_Provided entries_

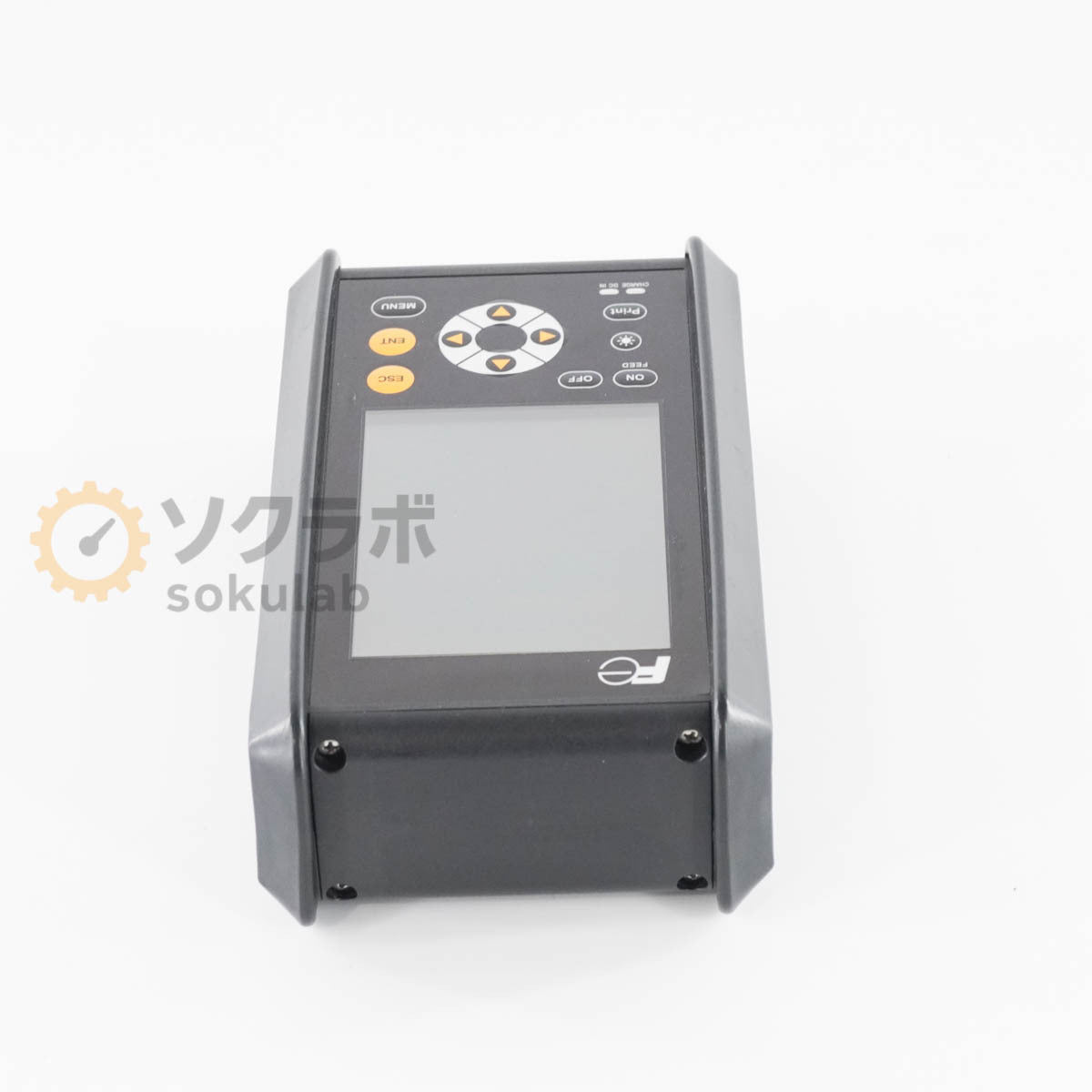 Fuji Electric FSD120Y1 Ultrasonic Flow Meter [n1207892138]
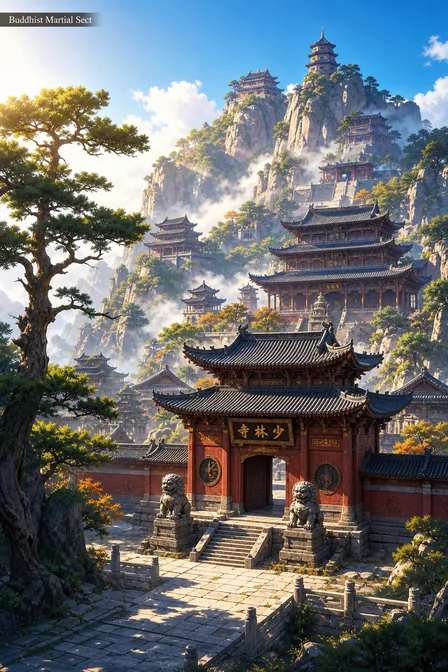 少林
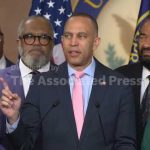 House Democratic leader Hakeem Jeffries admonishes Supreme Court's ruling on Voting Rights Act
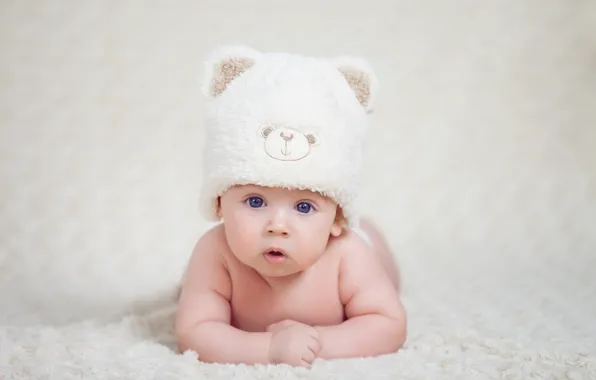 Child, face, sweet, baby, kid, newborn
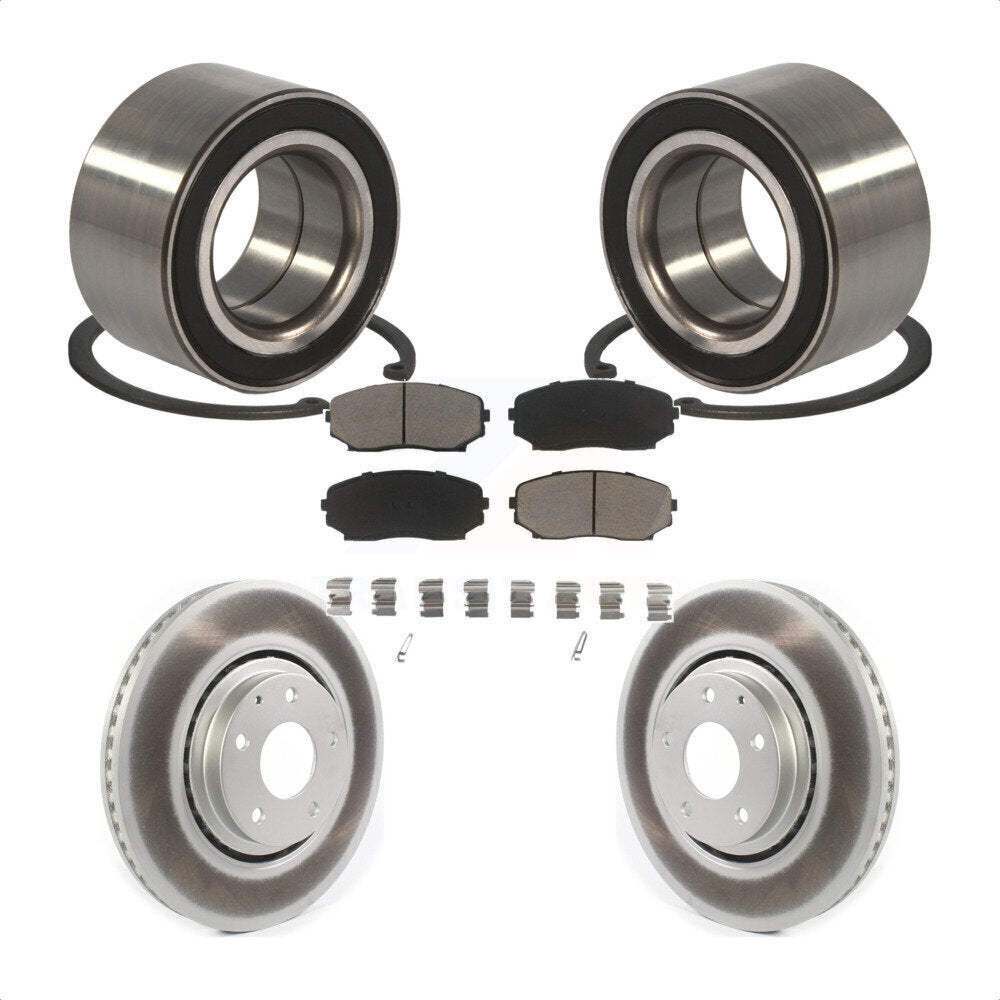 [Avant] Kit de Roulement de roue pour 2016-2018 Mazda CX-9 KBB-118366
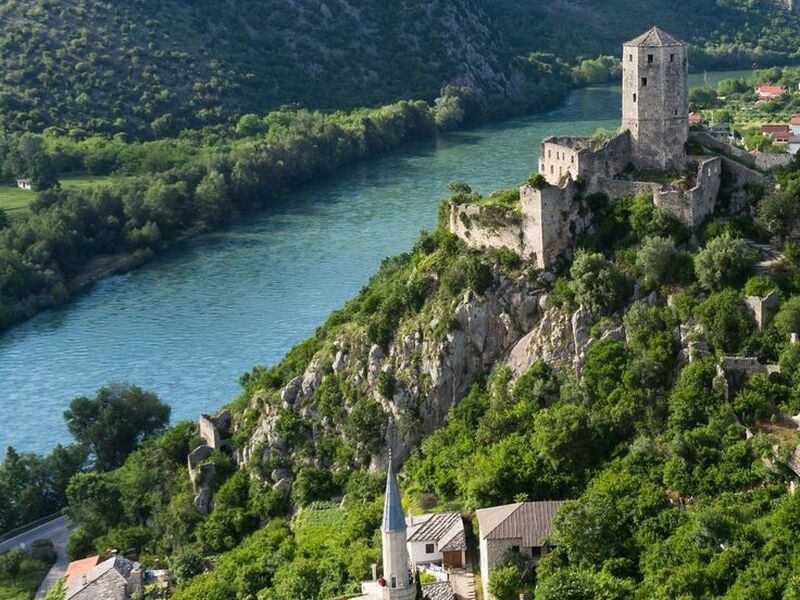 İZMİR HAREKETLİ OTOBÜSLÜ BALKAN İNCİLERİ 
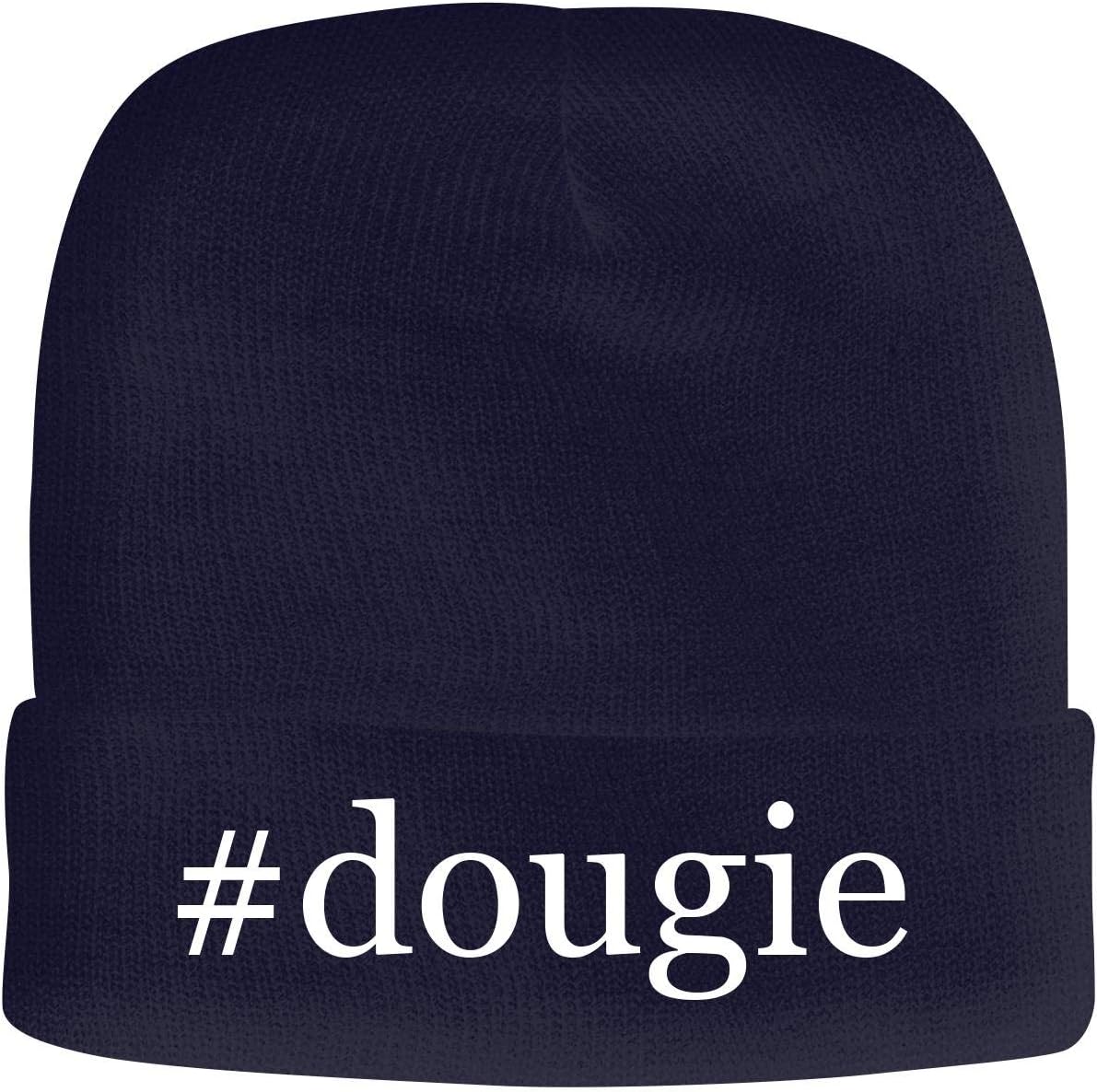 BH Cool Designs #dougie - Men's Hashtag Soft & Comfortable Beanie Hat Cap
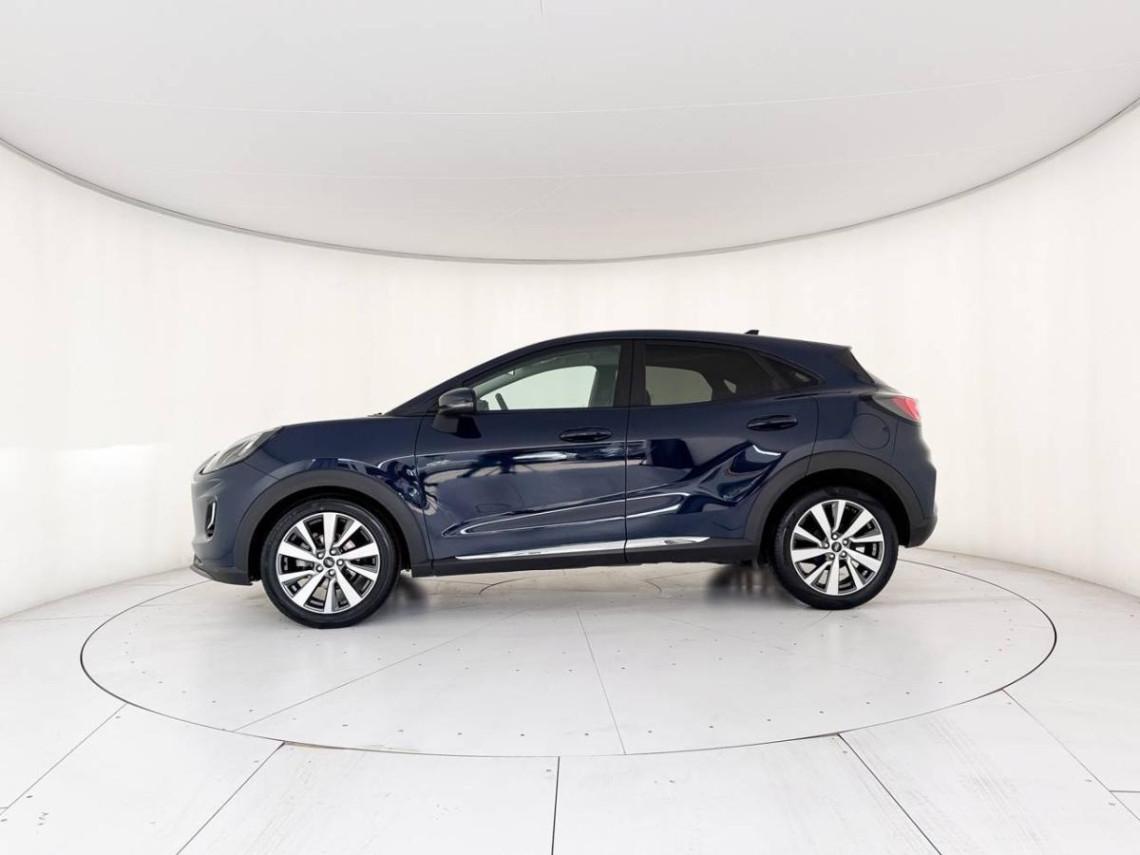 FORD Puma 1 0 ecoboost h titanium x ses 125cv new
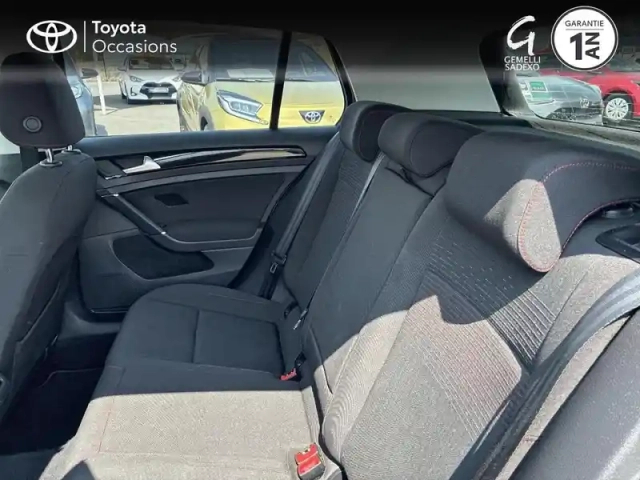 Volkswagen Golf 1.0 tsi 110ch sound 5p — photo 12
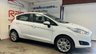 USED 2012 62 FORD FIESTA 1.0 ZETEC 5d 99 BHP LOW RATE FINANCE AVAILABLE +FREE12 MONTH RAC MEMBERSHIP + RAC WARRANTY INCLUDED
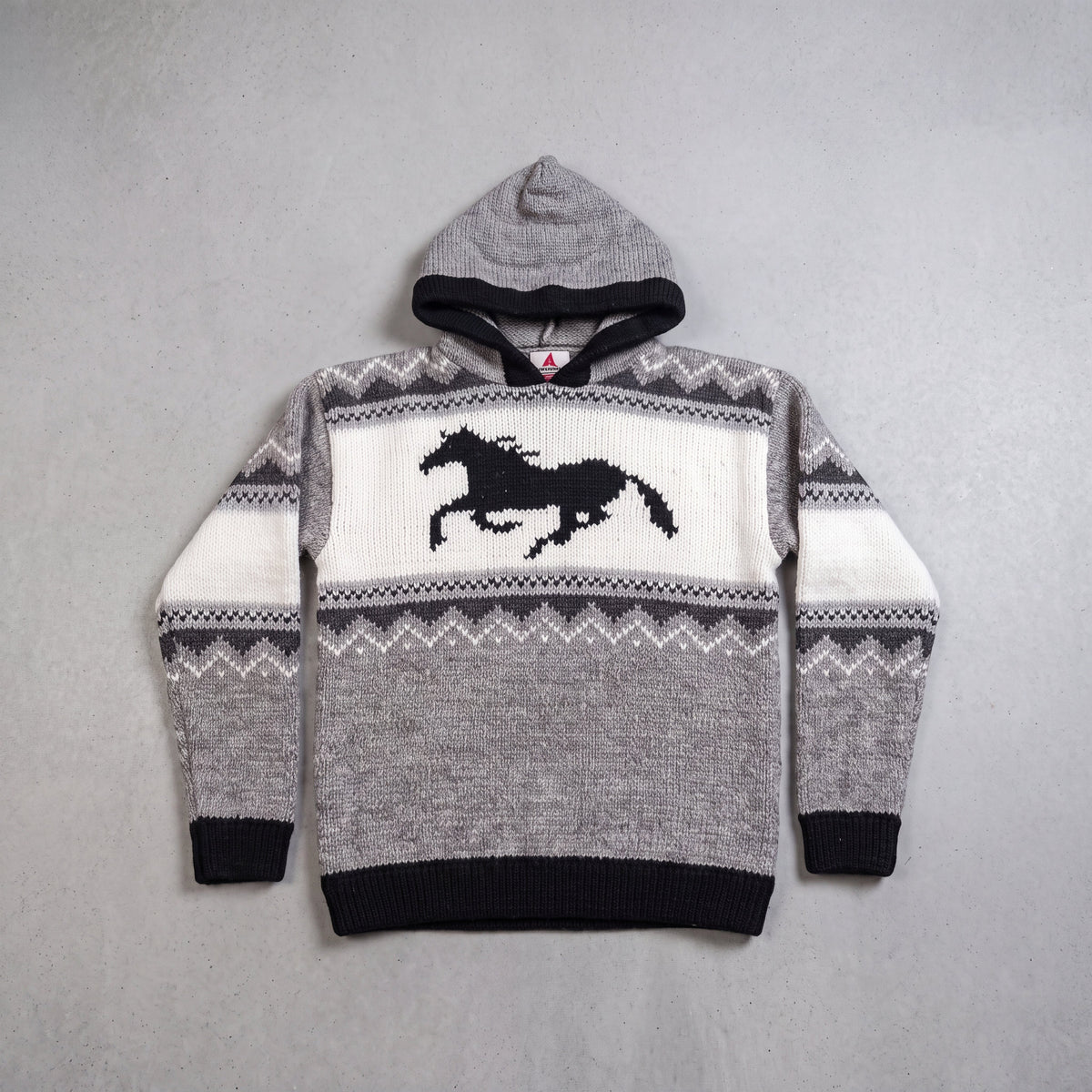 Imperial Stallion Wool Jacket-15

_Exercise_
Without including any pictures, repeat the records above exactly.

_Final answer_
 Fuji Electric FSD120Y1 Ultrasonic Flow Meter [n1207892138]
 少林
 House Democratic leader Hakeem Jeffries admonishes Supreme Court's ruling on Voting Rights Act
 Child, face, sweet, baby, kid, newborn
 [Avant] Kit de Roulement de roue pour 2016-2018 Mazda CX-9 KBB-118366
 İZMİR HAREKETLİ OTOBÜSLÜ BALKAN İNCİLERİ 
 BH Cool Designs #dougie - Men's Hashtag Soft & Comfortable Beanie Hat Cap
 FORD Puma 1 0 ecoboost h titanium x ses 125cv new
 Volkswagen Golf 1.0 tsi 110ch sound 5p — photo 12
 USED 2012 62 FORD FIESTA 1.0 ZETEC 5d 99 BHP LOW RATE FINANCE AVAILABLE +FREE12 MONTH RAC MEMBERSHIP + RAC WARRANTY INCLUDED
 Imperial Stallion Wool Jacket-15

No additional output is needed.